Short’s lawsuit was unsuccessful and the development of Chinatown proceeded.

The additional pages from the Calgary Herald‘s October 10, 1910 issue are hidden behind a paywall but clippings were shared on Twitter after the announcement that the park was to be renamed.

The park, developed on the block across from Calgary’s Chinatown in 1991, was named after Short as the high school once sat on the property. Despite the fact that Chinatown’s development prevailed, community residents found the park’s name offensive as Short’s racist zoning efforts set off decades of discriminatory behavior toward Chinese locals. Wong told Hyperallergic that the community has vied for the park’s renaming for over a decade, but the motion was only filed in 2020.
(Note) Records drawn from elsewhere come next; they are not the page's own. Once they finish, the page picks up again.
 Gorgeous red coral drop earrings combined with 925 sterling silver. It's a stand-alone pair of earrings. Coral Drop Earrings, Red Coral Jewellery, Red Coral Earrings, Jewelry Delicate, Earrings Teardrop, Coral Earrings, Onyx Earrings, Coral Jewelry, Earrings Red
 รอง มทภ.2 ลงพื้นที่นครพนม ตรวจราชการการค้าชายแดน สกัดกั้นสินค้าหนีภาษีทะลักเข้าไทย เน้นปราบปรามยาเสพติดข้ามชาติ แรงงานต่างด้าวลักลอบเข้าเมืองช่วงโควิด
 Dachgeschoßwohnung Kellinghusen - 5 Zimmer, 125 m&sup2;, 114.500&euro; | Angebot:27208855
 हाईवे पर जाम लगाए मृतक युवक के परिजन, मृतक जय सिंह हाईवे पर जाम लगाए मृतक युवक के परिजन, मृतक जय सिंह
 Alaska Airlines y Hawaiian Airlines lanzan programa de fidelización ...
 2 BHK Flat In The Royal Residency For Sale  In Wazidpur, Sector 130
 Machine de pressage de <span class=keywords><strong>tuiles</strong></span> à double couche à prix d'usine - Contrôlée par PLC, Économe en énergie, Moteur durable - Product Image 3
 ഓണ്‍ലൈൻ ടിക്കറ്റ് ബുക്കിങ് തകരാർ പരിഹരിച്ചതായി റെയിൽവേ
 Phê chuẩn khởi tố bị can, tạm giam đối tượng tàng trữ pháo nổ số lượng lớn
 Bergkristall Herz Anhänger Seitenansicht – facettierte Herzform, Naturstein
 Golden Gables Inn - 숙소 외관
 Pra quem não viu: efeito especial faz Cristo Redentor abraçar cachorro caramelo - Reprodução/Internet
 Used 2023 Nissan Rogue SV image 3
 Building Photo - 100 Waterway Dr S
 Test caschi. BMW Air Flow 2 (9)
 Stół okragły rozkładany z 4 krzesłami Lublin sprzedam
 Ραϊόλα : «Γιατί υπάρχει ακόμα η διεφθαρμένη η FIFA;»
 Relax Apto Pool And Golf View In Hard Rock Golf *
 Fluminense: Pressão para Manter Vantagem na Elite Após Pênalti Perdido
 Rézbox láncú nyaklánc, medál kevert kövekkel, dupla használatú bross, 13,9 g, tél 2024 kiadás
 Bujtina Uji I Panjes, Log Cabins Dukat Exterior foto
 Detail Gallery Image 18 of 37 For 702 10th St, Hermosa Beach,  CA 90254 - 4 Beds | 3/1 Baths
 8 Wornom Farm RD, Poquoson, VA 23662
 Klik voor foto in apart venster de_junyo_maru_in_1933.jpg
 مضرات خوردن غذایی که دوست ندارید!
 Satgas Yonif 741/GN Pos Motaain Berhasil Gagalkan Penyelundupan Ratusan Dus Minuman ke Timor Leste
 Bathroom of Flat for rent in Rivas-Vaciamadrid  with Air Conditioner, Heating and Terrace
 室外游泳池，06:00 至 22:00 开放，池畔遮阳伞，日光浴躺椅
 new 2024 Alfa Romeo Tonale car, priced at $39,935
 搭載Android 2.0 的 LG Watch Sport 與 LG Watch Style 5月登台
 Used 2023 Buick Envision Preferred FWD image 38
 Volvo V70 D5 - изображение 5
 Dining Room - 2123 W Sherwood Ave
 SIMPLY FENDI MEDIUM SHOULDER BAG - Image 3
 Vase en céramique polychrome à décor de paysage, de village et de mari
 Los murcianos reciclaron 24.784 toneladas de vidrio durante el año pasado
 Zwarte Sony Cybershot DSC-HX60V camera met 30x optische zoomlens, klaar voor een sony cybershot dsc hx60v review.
Through the city’s Chinatown Artist Residency, Wong was able to interview Chinatown residents between the ages of 20 and 60 regarding their thoughts about Short and the renaming of the park. The banners were up from October 25 through 28. The city’s announcement about renaming the park is expected on November 1.

“It was my intention for the work to be up for much, much longer than just four days,” Wong told Hyperallergic. “The city was afraid to install the work because they felt like they were getting a lot of pushback from the, uh, living descendants of James Short.”

“It was my intention for the work to be up for much, much longer than just four days,” Wong told Hyperallergic.

According to Wong, this wasn’t the first time the city of Calgary dropped the ball in the effort to rename the park, either. She claimed that the initial steps that the city had taken to consult the Chinatown community members on appropriately renaming the park were “quite insensitive” as the committee was “led mostly by an all-White team they had hired.”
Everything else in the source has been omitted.